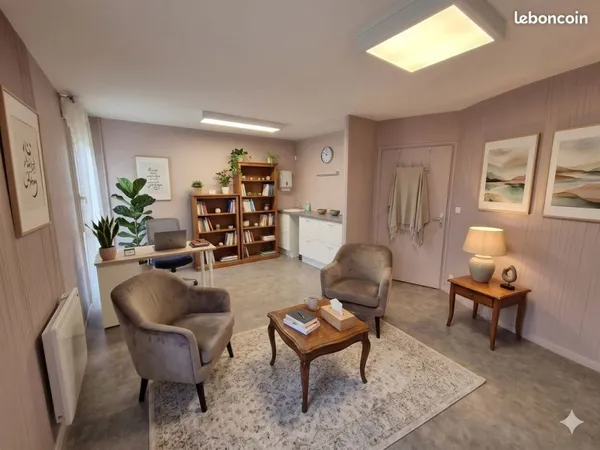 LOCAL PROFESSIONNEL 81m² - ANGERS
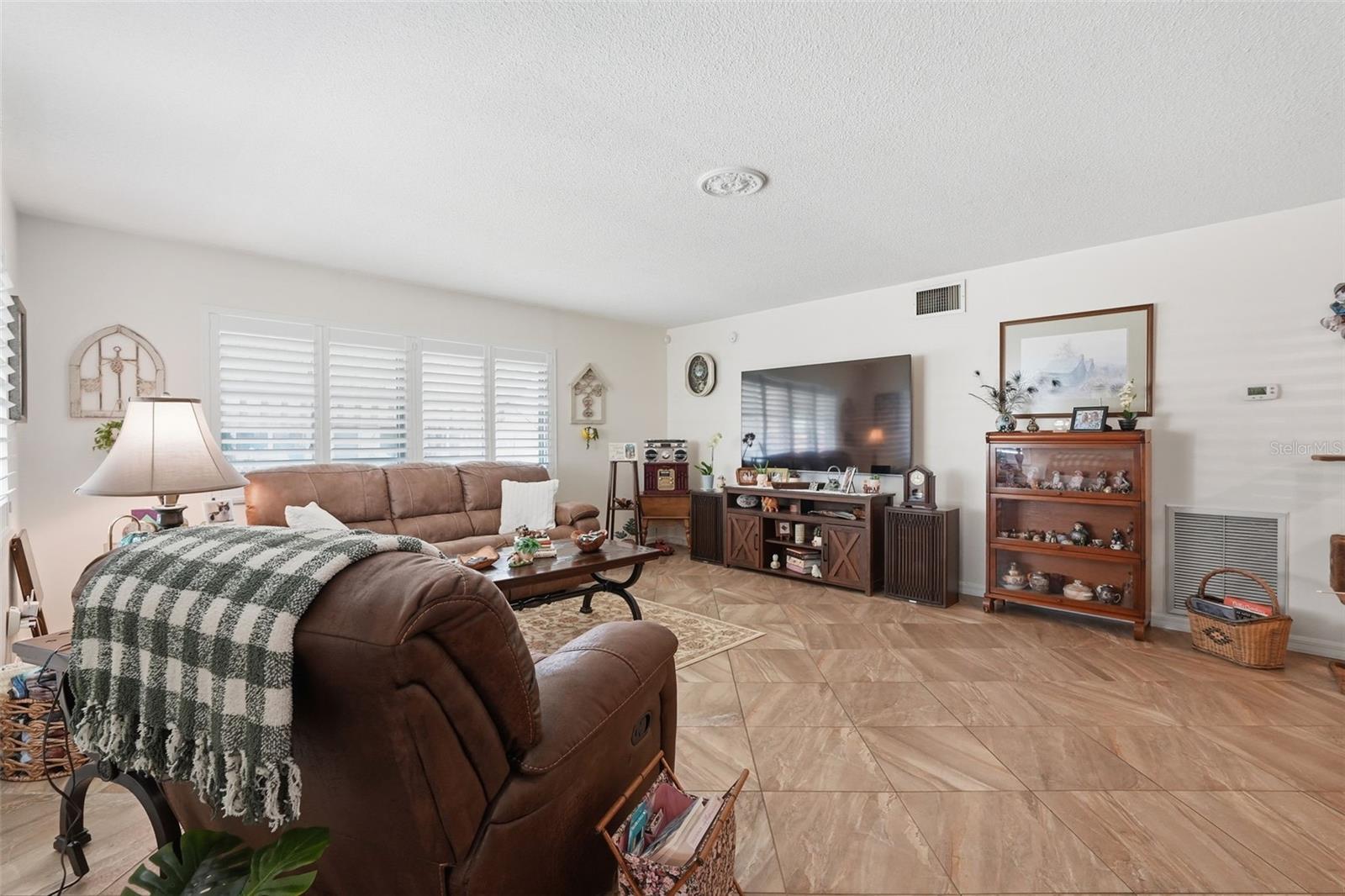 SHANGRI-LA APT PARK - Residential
* * *
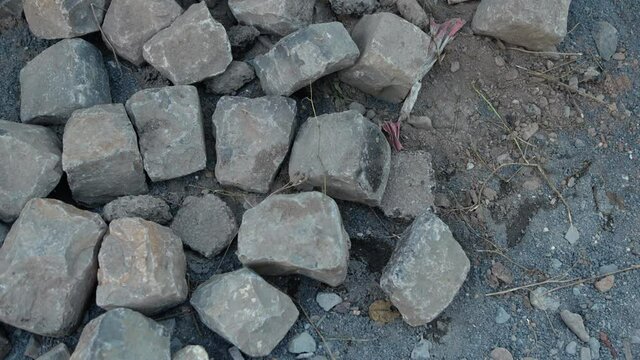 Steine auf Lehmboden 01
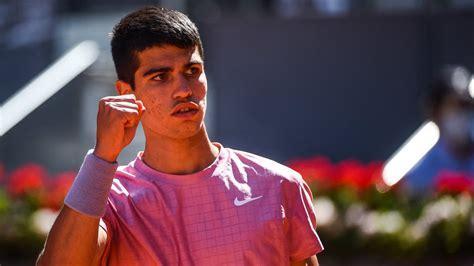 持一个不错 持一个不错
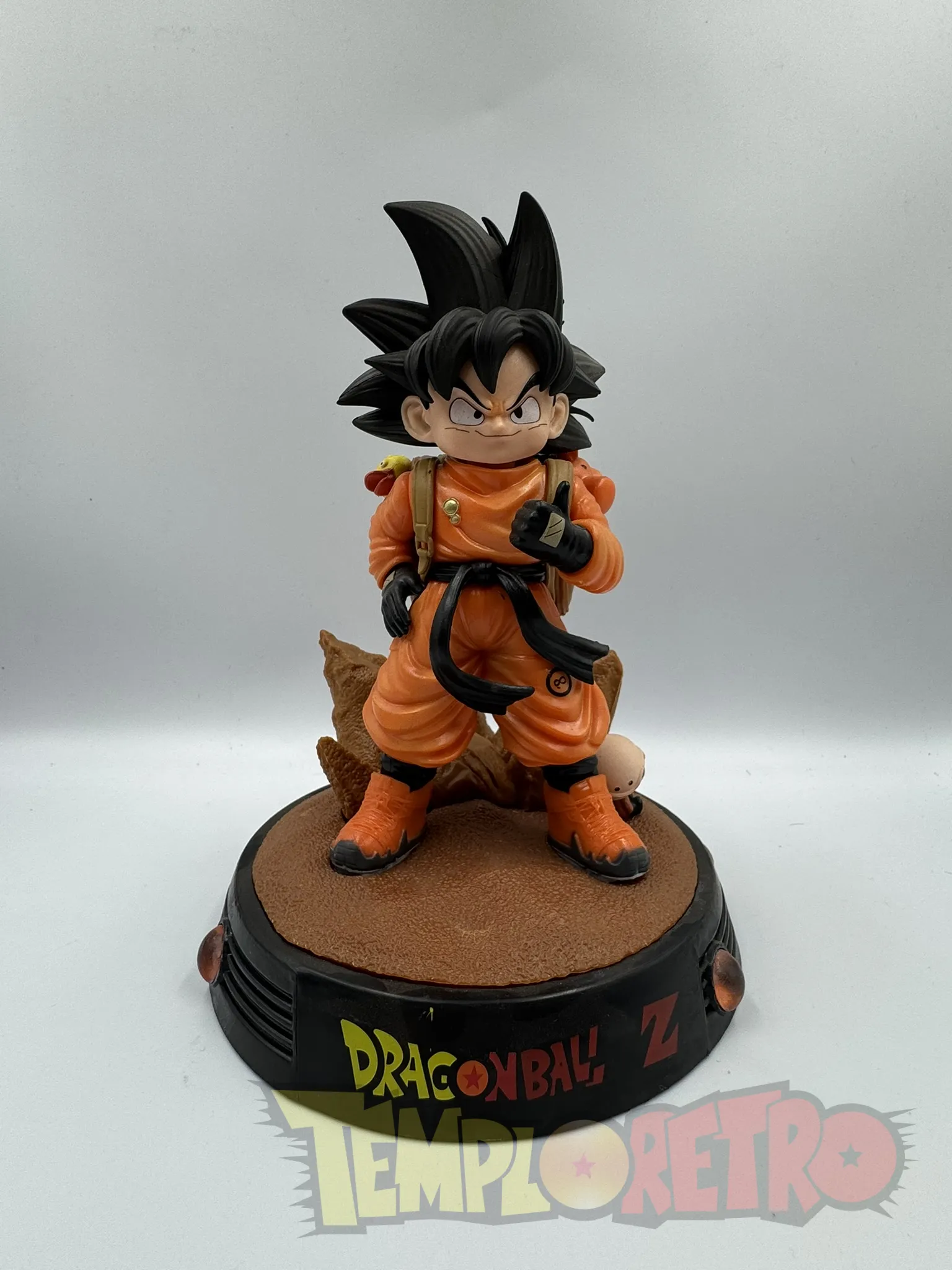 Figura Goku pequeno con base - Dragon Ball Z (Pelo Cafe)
...
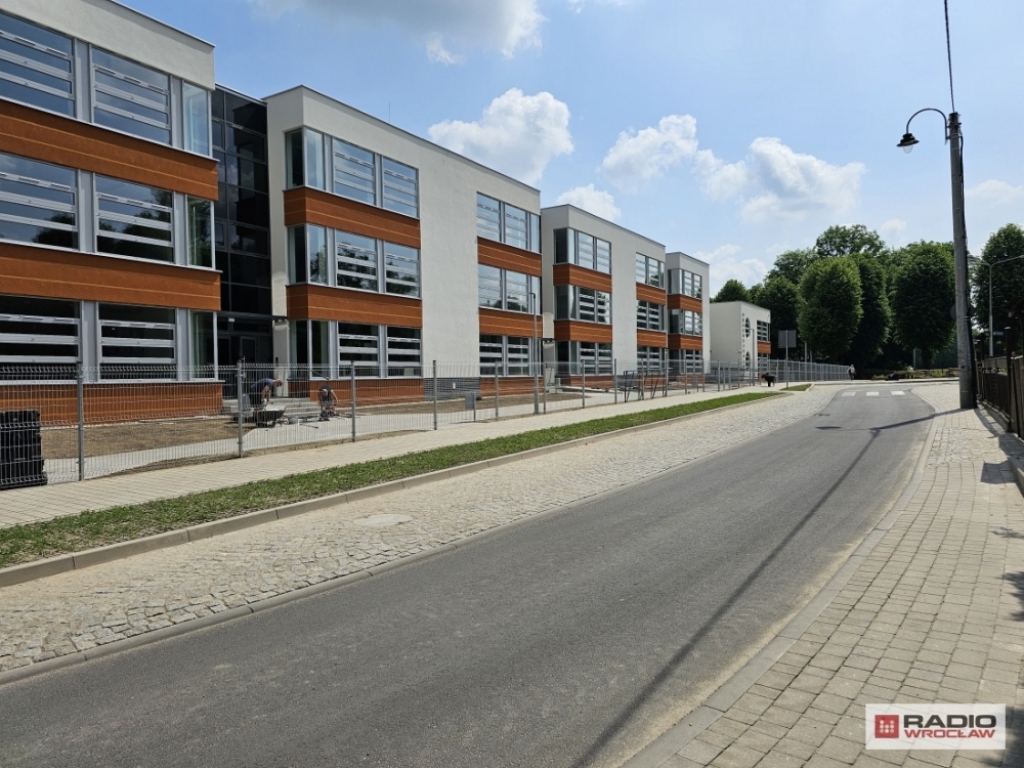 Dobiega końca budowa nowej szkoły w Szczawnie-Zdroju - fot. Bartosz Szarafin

Task to carry out
Your output should be the lines above from the one that contains "LOCAL PROFESSIONNEL 81m² - ANGERS" through the one that contains "SHANGRI-LA APT PARK - Residential", word for word, with pictures left out.

Reply
 LOCAL PROFESSIONNEL 81m² - ANGERS
 SHANGRI-LA APT PARK - Residential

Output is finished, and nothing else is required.